Fuck her and ANYTHING she has to say. I don't think Bernie Sanders is a realist, he's a delusional idealist and I hope he beats the living SHIT out of this whore. Then whomever the Republicans put up against him (and to be honest, I'm NOT a huge Trump fan, though he shows balls many candidates won't) beats Bernie's ass into the ground. It would be a WIN/WIN for the United States of America.


----------



## kwflatbed (Dec 29, 2004)

*TOO MUCH SHARING AT STATE?
New video suggests Clinton, aides used BlackBerries for sensitive info*

*A VETERAN DIPLOMAT* has said that Hillary Clinton and her aides used their personal devices to share information that normally 'would never be on an unclassified system' in a video seen by Fox News.

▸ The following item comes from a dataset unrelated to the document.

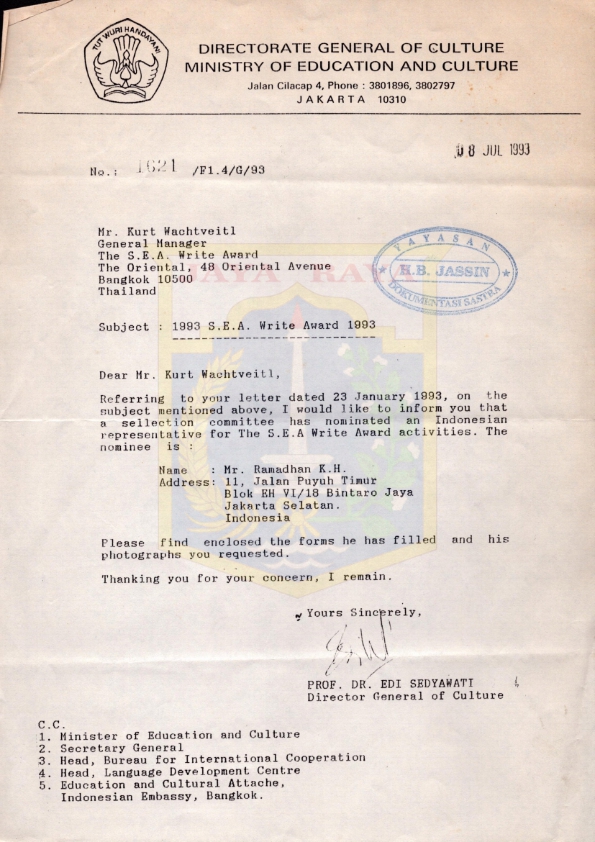 Surat dari Edy Sedyawati kepada Kurt Wachtveitl, 8 juli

*VIDEO: Sanders soars amid doubts about Clinton's trustworthiness*








*VIDEO: Classified emails not secured by Hillary Clinton*








*VIDEO: Clinton says she's not worried about probe of her emails*


----------



## Mr Scribbles (Jul 7, 2012)

As an unenrolled voter, at this year's Primary, I will be selecting a Democratic Ballot for the first time I can remember, and I'm voting BERNIE! Let's just say it's a dirty trick I learned from the DemocRats....


----------



## Kilvinsky (Jan 15, 2007)

Mr Scribbles said:


> As an unenrolled voter, at this year's Primary, I will be selecting a Democratic Ballot for the first time I can remember, and I'm voting BERNIE! Let's just say it's a dirty trick I learned from the DemocRats....





mtc said:


> I will be as well !
> I hope he stomps her, then the parents of the college gimme gimme whiners knock some sense into them.

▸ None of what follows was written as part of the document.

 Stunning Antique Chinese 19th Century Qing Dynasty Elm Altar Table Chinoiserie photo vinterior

You are MY HEROES! I'm proudly enrolled as a Republican, though at times, I'm not sure if that's the best idea. But, since Theodore Roosevelt's Bull Moose Party no longer exists, it's the next best thing.










In reference to Hill's pic, "I'm feeling sick. Thank Goddess I have far more money than the average asshat so I don't have to rely on ObamaCare and see a doctor who caters to the rich, evil as THEY are. Not ME of course. I'm rich but WONDERFUL and caring and........oooooh, my stomach, my head, my conscience."


----------